White Flower Mushroom Salad with dried shrimp, tomatoes, and cilantro
Lemongrass Catfish Curry with rice noodles
Seared Lemongrass Pork Meatballs (split to show interior detail)
Seared Eggplant with ground pork
Taqueria Xochi, 924 U Street NW, Washington DC ⭐⭐ ½ ⭐ (2 1/2 stars)
Teresa Padilla opened Taqueria Xochi during the pandemic in 2020 when she was furloughed from her job as pastry chef at Jose Andres’ China Chilcano. In some ways this slip of a restaurant is perfectly suited for Covid. There’s no indoor seating. You place your order on your phone or at the outside window where the orders are called out when they’re ready. There are some tables out front but most people seem to take their food to go. And it does travel well. Mine made the 25-minute drive home in very good shape. I just stuck the birria broth in the microwave for a minute and I was good to go.
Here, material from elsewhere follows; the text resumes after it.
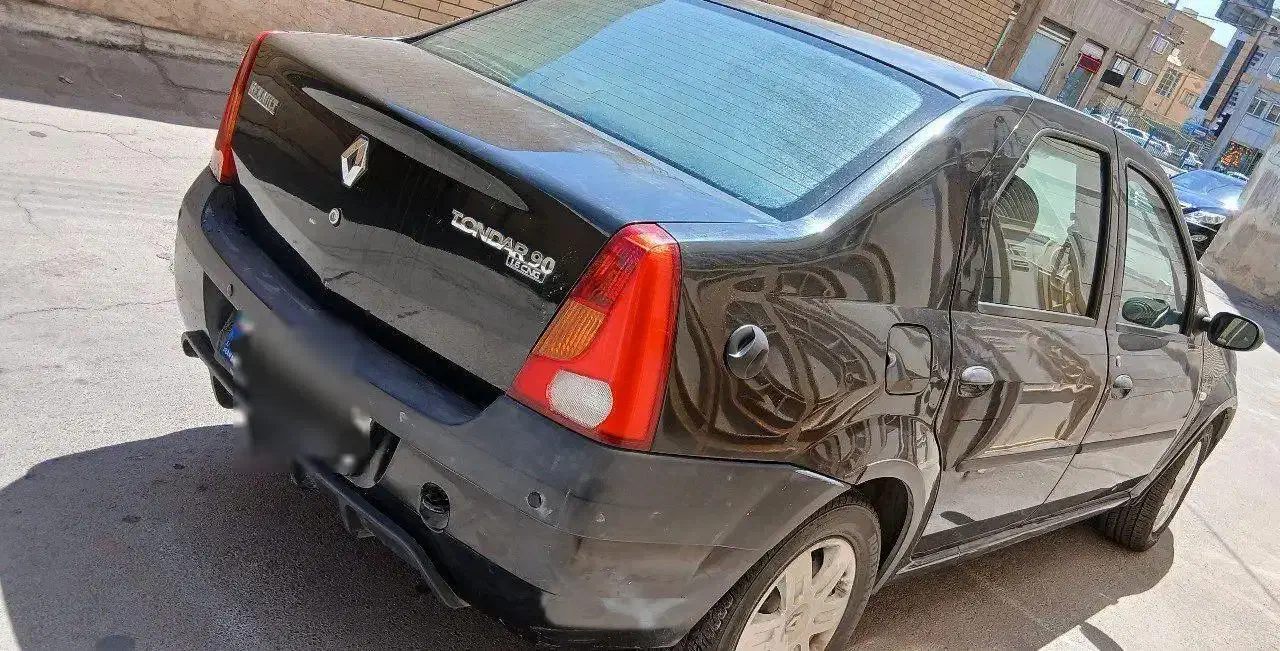 ال 90 - دوگانه فابریک - بدون رنگ|خودرو سواری و وانت|اصفهان, پوریای ولی|دیوار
Xochi is best known for its cemita sandwiches and birria tacos. Cemita sandwiches, for those unfamiliar, originated in Puebla and are often served by street vendors who specialize in them. They’re one of those great messy sandwiches, here anchored by a cutlet (chicken, beef, or eggplant) and topped with avocado, beans, tomatoes, and onion. Cemitas are similar to tortas but they have two additional key elements: a covering of stringy melted Oaxacan cheese and a specific type of round bread topped with sesame seeds. It’s all about the components on a sandwich like this, and the freshly-cooked cutlet and other ingredients on Xochi’s cemitas are first-rate.
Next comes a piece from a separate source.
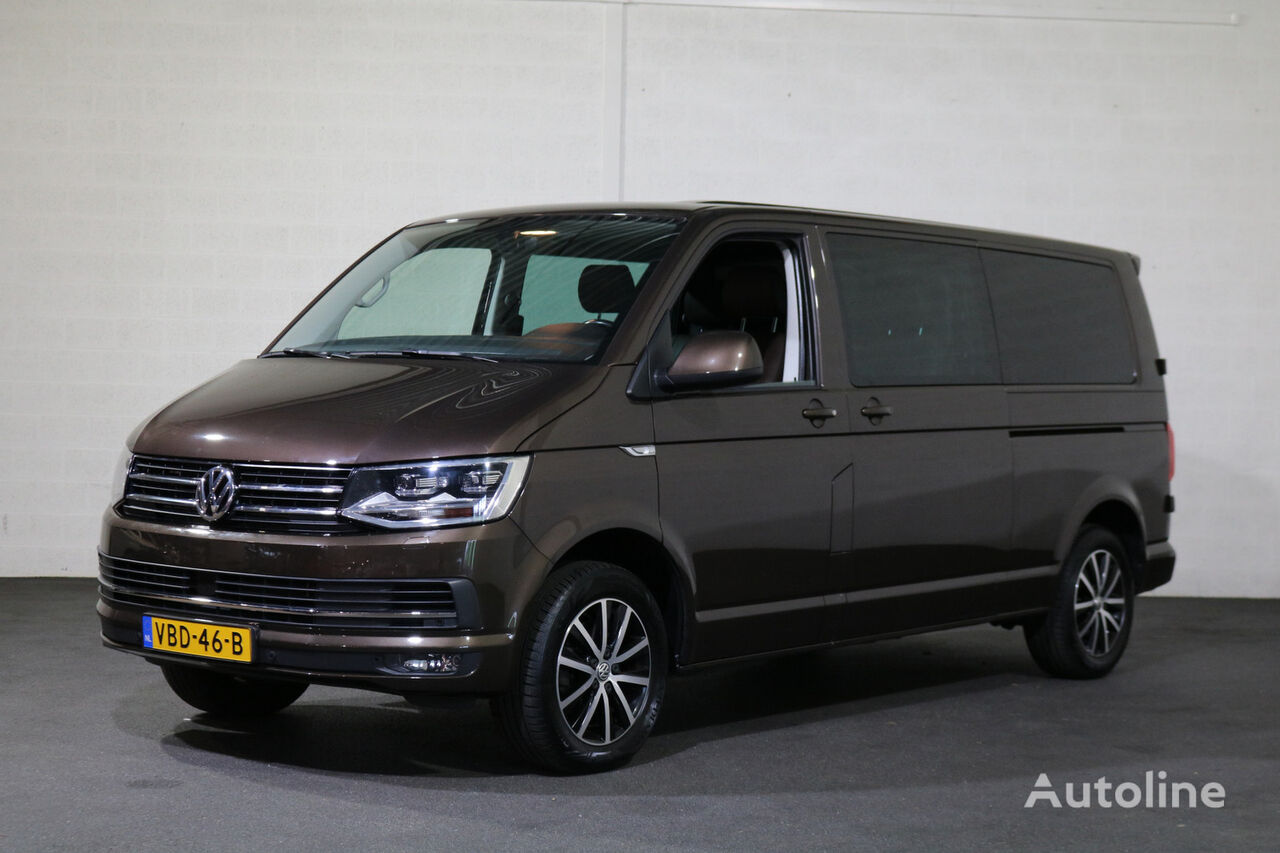 furgone autocarro Volkswagen Transporter 2.0 TDI 150pk L2 H1 DC Edition Automaat Airco Leer N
Anyone with an Instagram account has probably seen plenty of birria tacos over the past couple of years. They’re just so photogenic, with vivid reds and yellows and the drippy action shots of the tacos being dunked into the side of consommé. The birria at Xochi is a step above most. The long-cooked beef is moist and deeply-flavored and the broth is drinkable on its own. The guac at Xochi is fine but the freshly-made chips are terrific. Xochi also offers nine type of tacos other than birria and meat and vegetarian versions of tlayudas (like a big tortilla pizza). And, of course, given Chef Padilla’s pastry bona fides, don’t miss dessert — a tres leches cake, a chocolate flan, and bunuelos (crispy dough fritters) with sugar, cinnamon, and milk.
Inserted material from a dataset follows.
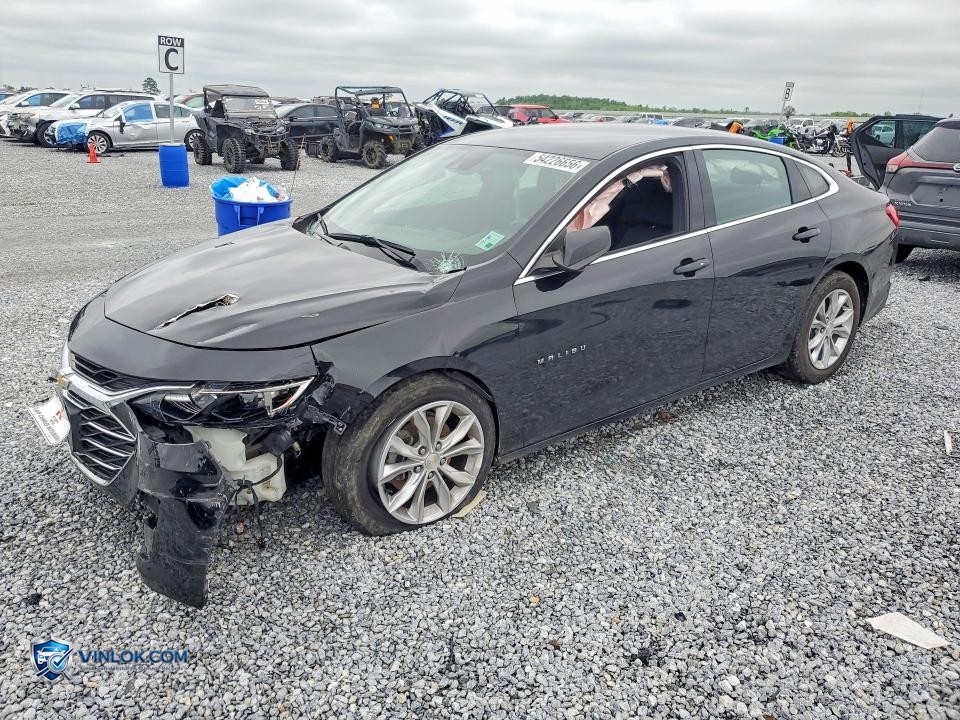 2023 CHEVROLET MALIBU LT – Lot 54226656 auction photo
Chef and co-owner Teresa Padilla
Clockwise from left: Beef Quesabirria — Braised beef with cheese on handmade tortillas cooked with Mexican chiles, side consommé for dipping; Chicken Cemita Sandwich — Chicken Milanese, Oaxaca cheese, chipotle, beans, avocado, onions, tomatoes, mayo; Esquites — corn with epazote and jalapeño topped with mayo, cotija cheese, and chile piquin
So that’s the story of How Rick Got His Groove Back. Please don’t @ me to point out the differences with the movie. I never saw it. My understanding is that the Angela Bassett character was feeling a bit down and got her pep back by trying something new and exciting. Sounds same-same to me.